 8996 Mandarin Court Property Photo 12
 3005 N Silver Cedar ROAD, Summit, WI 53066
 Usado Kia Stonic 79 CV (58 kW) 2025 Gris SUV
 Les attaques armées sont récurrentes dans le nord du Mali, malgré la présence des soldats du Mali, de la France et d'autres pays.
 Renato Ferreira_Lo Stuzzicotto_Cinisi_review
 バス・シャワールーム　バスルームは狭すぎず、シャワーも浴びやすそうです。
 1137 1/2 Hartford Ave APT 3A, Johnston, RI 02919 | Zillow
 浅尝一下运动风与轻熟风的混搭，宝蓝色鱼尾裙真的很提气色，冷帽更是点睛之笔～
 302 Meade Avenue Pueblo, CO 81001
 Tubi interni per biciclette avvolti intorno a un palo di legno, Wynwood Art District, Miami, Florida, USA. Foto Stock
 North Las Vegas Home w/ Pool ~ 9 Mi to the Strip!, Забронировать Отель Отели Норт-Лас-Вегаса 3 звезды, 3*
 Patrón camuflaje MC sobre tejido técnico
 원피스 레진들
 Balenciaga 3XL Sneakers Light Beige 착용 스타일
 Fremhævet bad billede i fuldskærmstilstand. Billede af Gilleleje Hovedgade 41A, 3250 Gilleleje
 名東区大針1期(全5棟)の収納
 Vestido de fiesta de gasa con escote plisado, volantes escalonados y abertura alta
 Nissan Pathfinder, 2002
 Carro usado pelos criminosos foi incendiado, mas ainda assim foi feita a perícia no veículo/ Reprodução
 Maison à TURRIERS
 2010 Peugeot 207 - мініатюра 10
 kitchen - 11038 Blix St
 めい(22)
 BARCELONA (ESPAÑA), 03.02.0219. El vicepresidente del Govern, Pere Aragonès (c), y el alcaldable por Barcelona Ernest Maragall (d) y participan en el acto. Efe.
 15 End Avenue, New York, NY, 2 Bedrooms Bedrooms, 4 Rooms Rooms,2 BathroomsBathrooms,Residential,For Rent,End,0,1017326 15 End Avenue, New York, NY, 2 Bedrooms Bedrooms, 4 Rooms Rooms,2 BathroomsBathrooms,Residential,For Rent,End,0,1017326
•••••
The problem: For this exercise, reproduce exactly each line from the one containing "名東区大針1期(全5棟)の収納" through the last line of the data, and no others.

Output for this task:
 名東区大針1期(全5棟)の収納
 Vestido de fiesta de gasa con escote plisado, volantes escalonados y abertura alta
 Nissan Pathfinder, 2002
 Carro usado pelos criminosos foi incendiado, mas ainda assim foi feita a perícia no veículo/ Reprodução
 Maison à TURRIERS
 2010 Peugeot 207 - мініатюра 10
 kitchen - 11038 Blix St
 めい(22)
 BARCELONA (ESPAÑA), 03.02.0219. El vicepresidente del Govern, Pere Aragonès (c), y el alcaldable por Barcelona Ernest Maragall (d) y participan en el acto. Efe.
 15 End Avenue, New York, NY, 2 Bedrooms Bedrooms, 4 Rooms Rooms,2 BathroomsBathrooms,Residential,For Rent,End,0,1017326 15 End Avenue, New York, NY, 2 Bedrooms Bedrooms, 4 Rooms Rooms,2 BathroomsBathrooms,Residential,For Rent,End,0,1017326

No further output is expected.